The study said the ability of insurers to maintain portfolio returns is critical to the types of products they can offer consumers and their ability to meet liabilities. Against the backdrop of anemic economic growth, depressed bond yields and loose monetary policy, many insurers are reconfiguring their asset mix to ensure these liabilities can be effectively managed.

David Lomas, global head of BlackRock’s insurance asset management unit, commented that it used to almost be “buy your bonds in the morning and relax in the afternoon.”

“But insurers are now faced with a far more complex operating environment,” Lomas said. “This research shows insurers that are having to make a great migration toward private markets to diversify income streams and maintain returns on equity.”

The study said lackluster yield from traditional fixed income investments is driving many insurers up the risk spectrum. Globally, 1 in 3 insurers intends to increase their risk exposure over the next three years compared to 15 percent who intend to lower risk. Among the risk takers, 68 percent said they are hoping to replace or enhance investment income, while 66 percent point to the diversification benefits it would afford.

The fixed income challenge is well known, Lomas added, but what’s interesting is the level of conviction chief investment officers seem to now have toward things like real estate debt and infrastructure assets. “Industry leaders seem to be much more comfortable with investing in illiquid private market assets for income,” he said. “Fundamentally, a shift up the risk spectrum needs to be achieved in a measured and targeted way.”

Facing Barriers

However, re-allocating for yield is proving challenging, BlackRock’s study suggests, with insurers having to assess and invest in previously unchartered territories.

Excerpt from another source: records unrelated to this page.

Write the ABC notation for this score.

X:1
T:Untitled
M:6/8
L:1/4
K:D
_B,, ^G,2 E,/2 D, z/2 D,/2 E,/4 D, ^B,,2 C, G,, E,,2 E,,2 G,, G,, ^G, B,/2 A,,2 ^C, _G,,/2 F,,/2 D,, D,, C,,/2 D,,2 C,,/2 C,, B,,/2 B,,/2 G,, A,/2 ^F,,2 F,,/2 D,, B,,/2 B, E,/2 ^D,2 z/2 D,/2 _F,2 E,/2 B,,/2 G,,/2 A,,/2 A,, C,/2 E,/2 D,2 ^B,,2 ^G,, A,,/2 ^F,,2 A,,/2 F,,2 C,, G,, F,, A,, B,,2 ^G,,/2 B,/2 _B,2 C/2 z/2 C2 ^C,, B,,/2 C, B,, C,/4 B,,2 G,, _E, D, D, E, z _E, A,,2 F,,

The study said insurers still face substantial challenges in increasing their allocation to the private market asset class. Lack of access to the right opportunities (40 percent), concerns regarding transparency (40 percent) and uncertainty over how regulators would treat such moves (33 percent) are the most serious ones.

Cecilia Reyes, chief investment officer of Zurich Insurance Group, was quoted by the BlackRock study as saying that the challenge is in matching the funding structure of insurers, which is very illiquid in nature, with opportunities from less liquid assets—and that can take a lot of extra work compared with investing in more traditional asset classes.

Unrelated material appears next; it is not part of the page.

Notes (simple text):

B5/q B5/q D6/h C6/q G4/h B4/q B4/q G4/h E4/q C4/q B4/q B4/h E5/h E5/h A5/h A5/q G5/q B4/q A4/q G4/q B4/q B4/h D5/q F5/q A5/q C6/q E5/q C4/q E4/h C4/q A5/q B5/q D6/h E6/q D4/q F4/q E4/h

Finding the right project can also be tricky, according to the study. It quotes Zurich’s Reyes as saying that whether it’s infrastructure debt or real estate, “you just don’t call your broker and say ‘I want to buy a few 100 million of such investment.'” Reyes said the sourcing of the investment opportunity is much more complex and there is a lot more internal infrastructure insurers would need in order to take advantage of these investment opportunities.

According to the study, how far insurers can go with this strategy remains to be seen, since scarcity of good diversification opportunities and the complexity of investing in private asset classes such as real estate and infrastructure projects can sometimes pose a significant challenge.

The study also said investment managers will need to be more flexible with their fixed income strategy and dig deeper to find the right balance between allocating to investment-grade core fixed income products and private asset classes.

Insurers will also have to assess whether diversification should be handled in-house or outsourced to specialists in different market niches—and all this will have to be done in step with efforts to stay on top of the constantly shifting regulatory landscape.